The exodus follows the arrival of Chief Revenue Officer Don Reis, who joined the paper in January and has begun filling the executive suite with former colleagues Penn Jones and James Lynch, who are men. Tribune Chief Revenue Officer Michael Rooney recommended Reis, who he worked with at the Wall Street Journal, to Los Angeles Times publisher Austin Beutner. Reis is now Beutner’s direct report.

Tribune has faced allegations of sexist behavior in the past, notably with a front-page New York Times story decrying a “bankrupt culture” at the company then owned by Sam Zell.

The October 5, 2010 piece by the late David Carr pointed at a rowdy, testosterone-led culture led by then-EVP and head of Broadcast and Interactive Operations Randy Michaels.

“Tribune Tower, the architectural symbol of the staid company, came to resemble a frat house, complete with poker parties, juke boxes and pervasive sex talk,” the article said of the company’s landmark Chicago building.

The paper’s VP of Marketing and Communications Johanna Maska, who replaced nine-year veteran Nancy Sullivan earlier this month, said the L.A. Times has an excellent record in hiring women. “Don Reis has a long history of hiring and promoting women in organizations, including ESPN and WSJ, and we are grateful to have his leadership here at the L.A. Times,” Maska said.

She added: “When talking about hiring practices of the L.A. Times and women in leadership roles, here are just a few of the L.A.Times’ recent hires: Mitra Kalita, Managing Editor, Renata Simril, Chief of Staff, Suzy Jack, VP Special Projects, Bich Ngoc Cao, Director of Projects, Alejandra Campoverdi, Managing Editor for Emerging U.S., Juliet Lapidos, Opinion Editor, and my appointment as Vice President for Marketing and Communications.”

But according to the L.A. Times insider, Linnebach’s role was cut and her sports accounts given to Jones.
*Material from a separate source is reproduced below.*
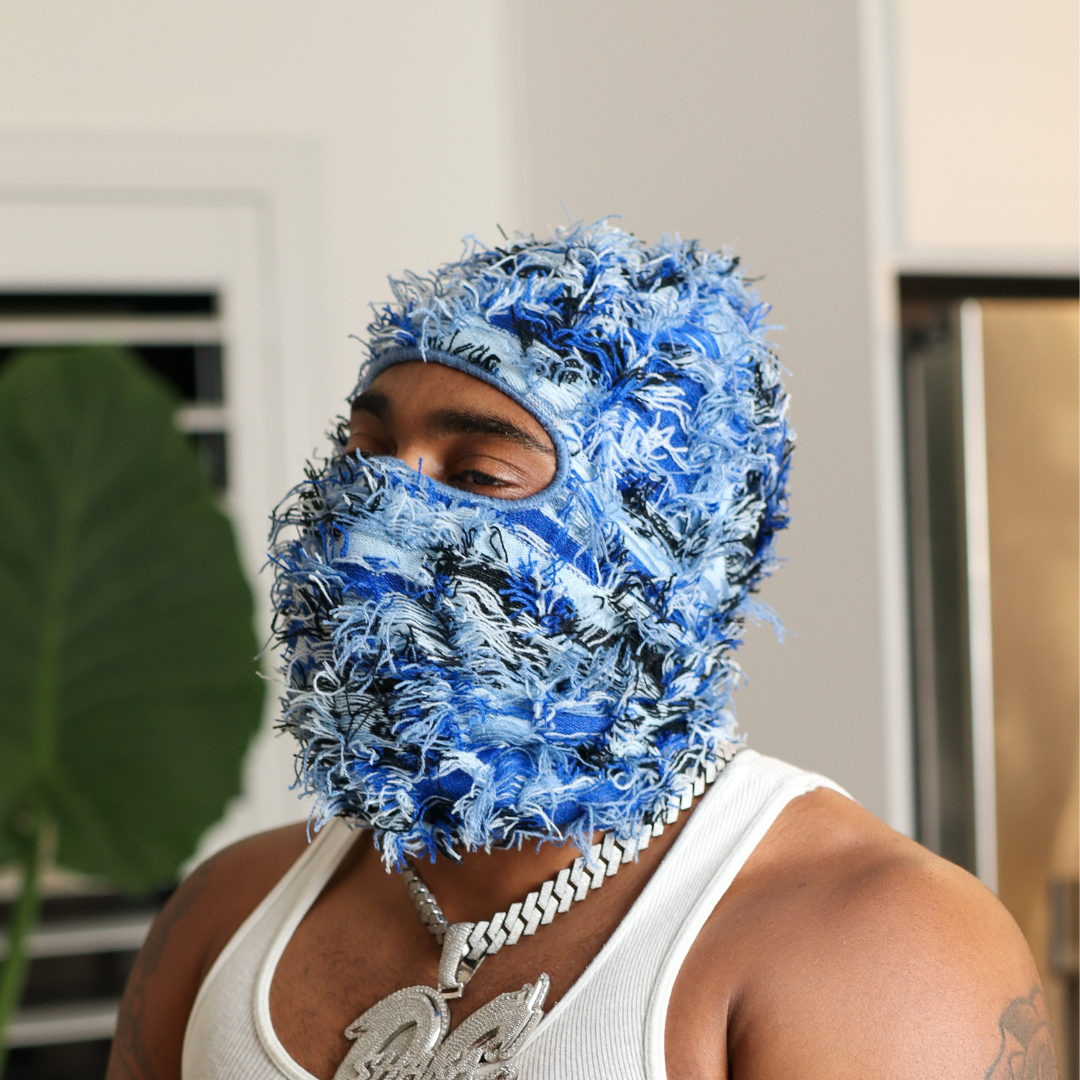Blue Distressed Balaclava Mask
A publisher of the Los Angeles Times Magazine for eight months in 2008-09, Jones was also an employee of USA Today, where Reis ran West Coast sales.

In her exit interview from the Times, Linnebach is said to have complained that the corporate culture under Reis had become unwelcoming to women, the insider said. “Heidi could not stomach the boys club anymore,” added the insider.

Reis has created a director of Events and Special projects position and hired James Lynch, who worked for Tribune as a sales and marketing manager from 2009-2011 and whom the insider described as one of Reis’ surfing buddies.

Replacements for Berns and Lindemann have not yet been named.

In his 2010 New York Times story, Carr found examples of Tribune’s corporate culture:

“Working at Tribune means accepting that you might hear a word that you, personally, might not use,” the new handbook warned. “You might experience an attitude you don’t share. You might hear a joke that you don’t consider funny. That is because a loose, fun, nonlinear atmosphere is important to the creative process.” It then added, “This should be understood, should not be a surprise and not considered harassment.”

Michaels stepped down 17 days after the story ran.

Tribune’s Rooney landed his top position in November 2014 from The Wall Street Journal where he and Reis worked together after a stint at ESPN in the 1990s.

“My first order of business is just to dive in deep and meet with all of the department heads and get my arms around what the situation is currently,” Reis told the Times upon his hire in January.